Let $(R,m)$ be a local Noetherian integral domain. Let $I$ be an ideal in $R$, so $I \subseteq m$.
Then $R/I$ is also a local Noetherian ring, see (and the image of any surjective ring homomorphism of a Noetherian ring is Noetherian). But in order to be an integral domain, $I$ must be a prime ideal of $R$, and this is not assumed.
Then unique maximal ideal of $R/I$ is $m/I$.
Also recall that a zero-dimensional Noetherian ring is Artinian, Lemma 10.60.4., so $R/I$ is artinian.
Assume that the Krull dimension of $R/I$ is zero, $\dim(R/I)=0$. By the result mentioned (and proved) here, there exists $n \geq 1$ such that $(m/I)^n=\bar{0}$. This means that there exists $n \geq 1$ such that $m^n \subseteq I$.

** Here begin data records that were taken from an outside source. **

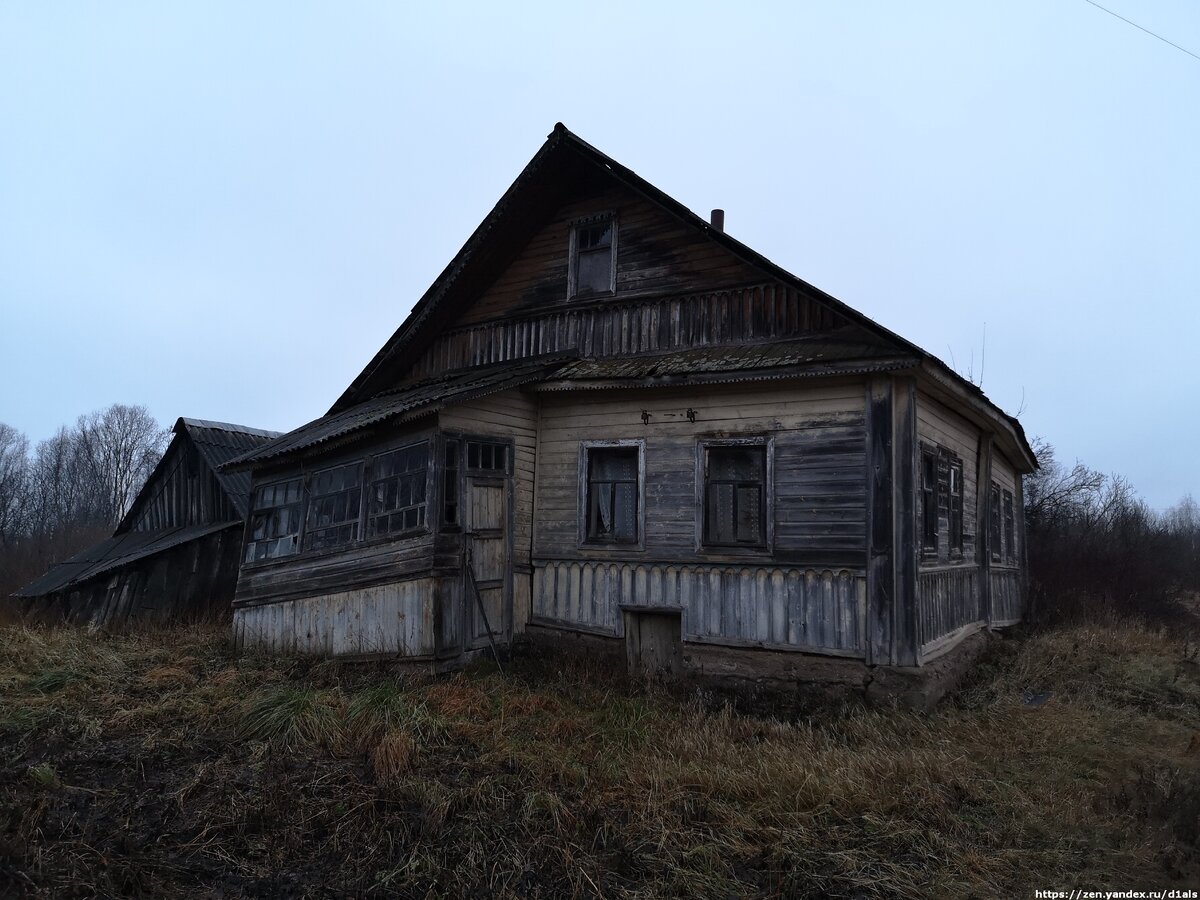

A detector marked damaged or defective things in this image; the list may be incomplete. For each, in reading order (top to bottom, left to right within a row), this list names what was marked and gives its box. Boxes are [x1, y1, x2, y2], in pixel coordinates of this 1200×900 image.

broken window [568, 215, 616, 298]
rusted metal roofing [540, 334, 916, 384]
rusted metal roofing [223, 358, 568, 472]
rusted metal roofing [11, 520, 237, 596]
broken window [245, 478, 302, 564]
broken window [302, 460, 364, 552]
broken window [368, 442, 428, 536]
broken window [584, 446, 644, 544]
broken window [704, 444, 768, 548]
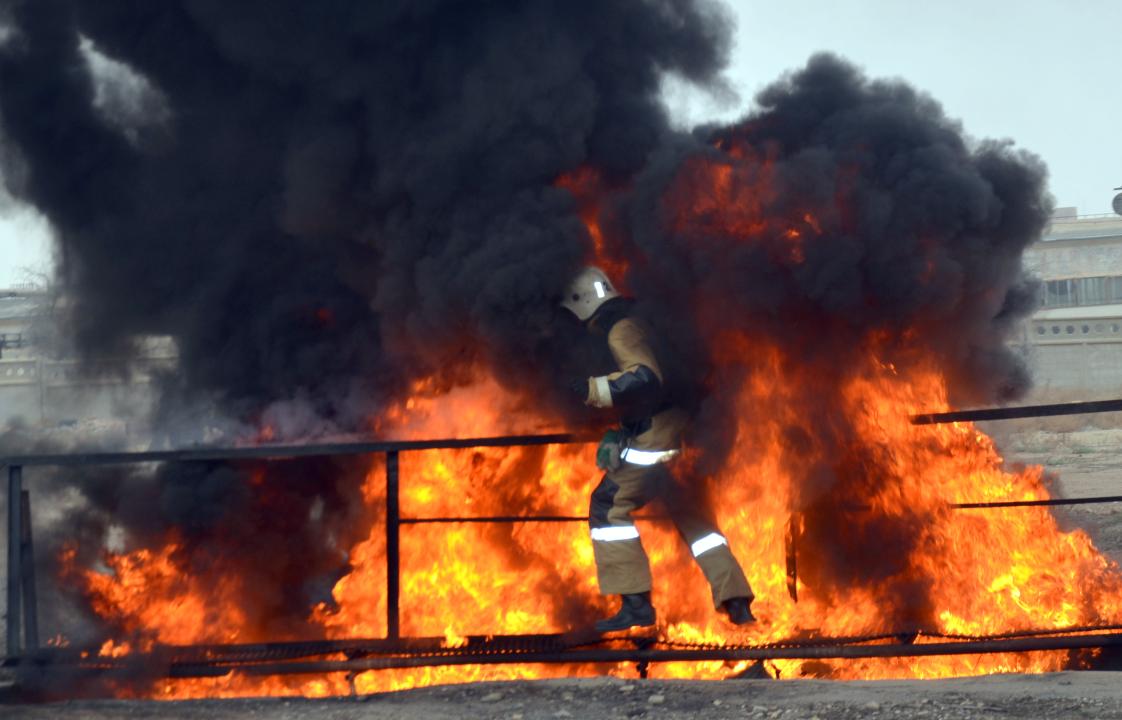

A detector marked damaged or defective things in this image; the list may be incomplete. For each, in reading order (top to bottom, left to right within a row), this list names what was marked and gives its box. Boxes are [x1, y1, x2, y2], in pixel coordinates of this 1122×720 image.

charred metal structure [6, 399, 1122, 695]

Question: $m \supseteq I$, but powers of $m$ may not contain $I$, so we are not able to talk about a decreasing chain of ideals $(m/I) \supseteq (m/I)^2 \supseteq (m/I)^3 \cdots$? So perhaps if, for example, $m^2$ does not contain $I$, then we have $m/I=\bar{0}$ (namely, $m=I$)?
Thank you very much!
You have to be careful about how you define $(m/I)^n$. This does not correspond to $m^n$.
Now by definition
$$ (m/I)^n = \{\sum a_1 \cdot ... \cdot a_n | a_1, \dots , a_n \in m/I\}$$
To see what ideal of $R$ this corresponds to, just take the preimage and we see that the ideal in $R$ is going to be $I + m^n$ (since the ideal in $R/I$ contains zero, the preimage contains all of $I$).